Despite having so much of the plot explained to us through numerous expository speech bubbles and narrative boxes, things never get dull and there is a ridiculously high level of action. It’s really quite impressive that writers Jimmy Palmiotti and Justin Gray were able to tell such a big story with a beginning, middle, and end all in one regular $2.99 comic. And it’s also worth noting how great of a read this is for fans of Grant Morrison’s Batman: R.I.P. and the Batman, Incorporated series. In issue #26, Batwing fearlessly stands up as the spiritual successor of Batman, Inc. by bringing back Charlie Caligula (who appears to have immense potential as a James Bond-esque baddie) and introducing a brand new character who has taken the mantle of a fallen champion from Morrison’s Club of Heroes storyline back in Batman #667-669.
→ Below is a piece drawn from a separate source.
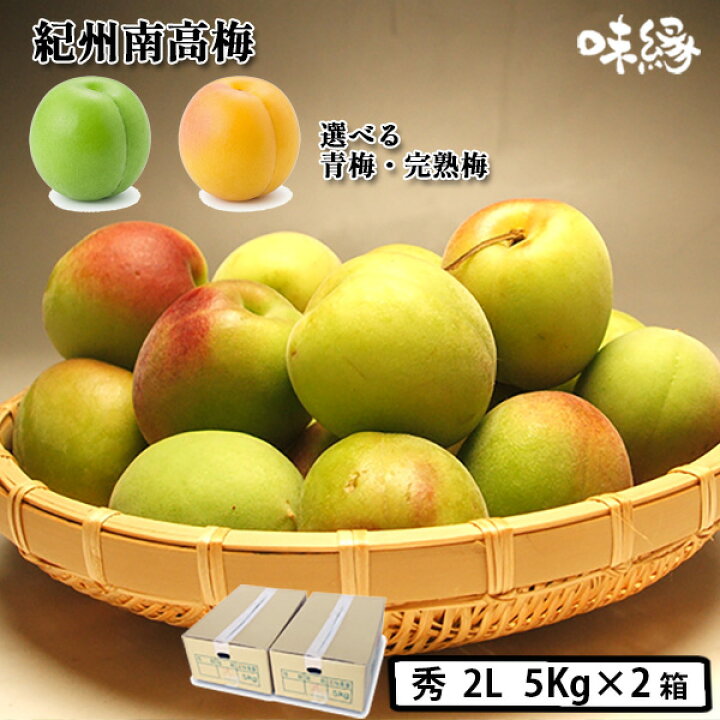 楽天市場】梅 うめ 紀州南高梅 生梅 青梅 完熟梅 秀品 2Lサイズ 5Kg×2 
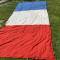 Drapeau tricolore en Laine imprimée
While I was slightly annoyed by the ample exposition, the events that unfolded always held my attention and I must say I had a blast even when things started to go really fantastical with the introduction of a giant with fireball fists or an alien diamond that offers its owner the power of global surveillance
Speaking of cool visuals, this comic is full of them. Eduardo Pansica and Julio Ferreira deliver one of their best-looking issues yet with panels that are creatively angled and expressive of the proper tone of adventure, comedy, and suspense. The fight scenes during the opening MMA match, the deathmatch, and the battle with Caligula’s men (which was beautifully silent), will be sure to garner some much deserved attention but I think it was the set pieces that most impressed me. Charlie Caligula is an over-the-top Bond-Villain through and through and his look and the backdrop of this story reflect that perfectly. I loved his private island with all of its recreations of classic Roman structures.
- MMA, James Bond, and Grant Morrison’s Club of Heroes are all things you enjoy
- You’re loving these Darwyn Cooke covers as much as I am
- You’ve been looking for a good jumping-on point for this series
Batwing #26 is great escapism and a wonderful jumping-on point for new readers. However, I do disagree with how exposition heavy it gets at times and the potential body count that our hero ignores in the story’s conclusion. If you approach it as a lighthearted action adventure, you’ll have a really good time. I know I had fun reading it. So much fun that I’m going to ignore the body count thing and just go ahead and give it an 8. Yeah, it has some problems, but I think it’s satisfying and worth your $2.99.